Often the primary long-term goal of business ownership is to increase personal wealth to achieve financial independence. Wealth can consist of non-financial assets valued to show a high net worth. But financial independence requires liquidity. Liquidity is achieved when readily available liquid assets are held at a low risk of loss. Non-financial assets such as home equity and business equity are non-liquid and held at risk, as are financial assets such as stock and bond portfolios. How does the business owner reach this goal of financial independence? The simple and direct answer is to sell the business interest to convert non-liquid business equity to liquid assets.

A substantial amount of family wealth is in business ownership. In 2019, non-financial assets represented a 58 percent share of total assets. Business equity was 34 percent of non-financial assets, second to primary residence’s 45 percent share. As net worth increases so does the probability that families have business equity: 45 percent of families in the top 10 percent of net worth had business equity, 23 percent for the 75 to 89 percentile, 14 percent for the 50 to 74 percentile, 5 percent for the 25 to 49 percentile, and 3 percent for the bottom 25 percentile. (Source: Federal Reserve Board, Survey of Consumer Finances).

The way to convert a illiquid non-financial asset such as business equity to a liquid asset is to sell the asset and invest the proceeds in a liquid investment – an investment that allows access to funds on a readily available basis. Therefore, if the primary goal of business ownership is to increase personal wealth to achieve financial independence, reaching that goal will involve selling the business ownership interest and placing the proceeds into a liquid investment.

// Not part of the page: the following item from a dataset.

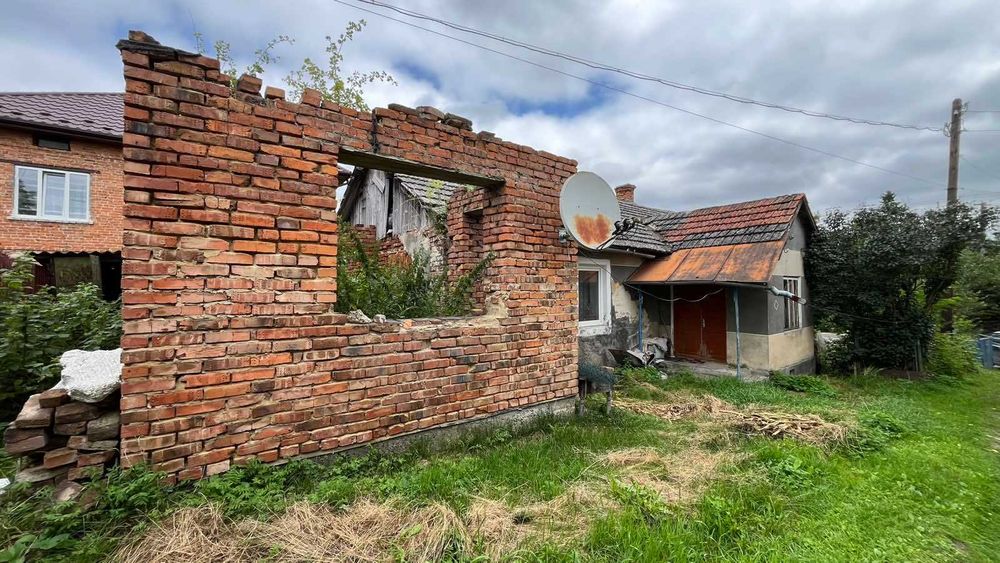Продаж окремо стоячого будинку в місті Бібрка, без ремонту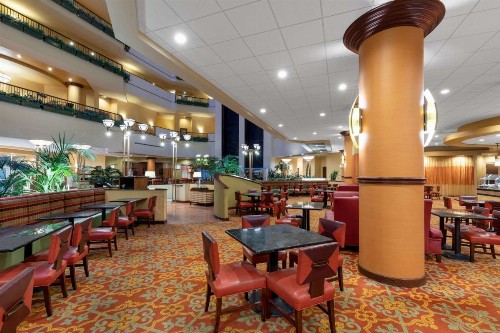 Wyndham Grand Oklahoma City Downtown - image 15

As the owner of a business, it is a good practice to ask: “If I were thinking of buying this business, what would keep me from closing?” Be objective and play the role of an investor who is sophisticated and looking for a business interest to purchase. If you were that person, knowing what you know about your business, would you buy the business interest you own? If not, why not? More importantly, what can be done to correct the problems that prevent your business interest from being marketable? Do your competitors have the same problems?

The more you prepare to sell your business, the more it will be worth when the business interest transfers. This perspective is prior diligence, a unique method for analyzing your business. Manage your business to be ready for sale at the highest value.

When you offer an item for sale, you clean it up and make the item look as good as possible. You now do the things that before seemed not to be important, such as cleaning or deferred maintenance. Of course, this is not good management – it would have been better to constantly keep the item clean or to not defer maintenance. Deferring maintenance frequently causes problems later. When a crisis occurs, it is the items subjected to deferred maintenance that malfunction and cause the crisis level to increase. Prior diligence is a better way to manage by anticipating a sale.

A potential sophisticated buyer doing a diligence review of the business will investigate business entity status (including minutes of meetings and decisions as well as compliance with entity registration requirements), owner agreements (including management agreements, buy-sell agreements, and voting agreements), regulatory matters (including having in place necessary permits, licenses, and other filings), facilities (including all leases and use agreements), employment issues (including compliance with Fair Labor Standards Act categories, employee manual, employment agreements, confidentiality agreements, non-compete agreements, personnel files, compensation histories, and benefits plans with related records), the balance sheet (including inventory of assets, documentation of title, records of encumbrances, and intellectual property), insurance (including nature of coverage and evaluation of risks not insured), financial (including accounting, loan agreements, and management reports), tax (including federal income tax, state income tax, use or sales tax, and other taxes such as property tax), environmental status (including past surveys done and consent decrees), and legal issues (including existing and contemplated contracts.

After the diligence investigation, and most important for the buyer, is the projected operation of the business after closing. An important component of managing the business for sale for maximum value is recognizing that the presence of owner-managers involved in the business decreases the value of the business. Will the buyer have to keep the services of the owner to have the business operate properly after the sale? If so, the buyer will pay less for the business. As a part of prior diligence, create non-owner management so that owner-managers are not essential to the business.

From your knowledge of your own business and your anticipation of what a potential buyer will investigate, you can create a diligence checklist.

Manage the business for sale for maximum value by working on creating non-owner management so owner-managers are not essential to the business and completing in a timely fashion the management functions of maintaining the business. Conduct your own diligence investigation on a regular basis. This is managing for the sale. By the way, there is nothing that says you have to sell, just because you manage for the sale. Your business will still be worth more when you do decide to sell.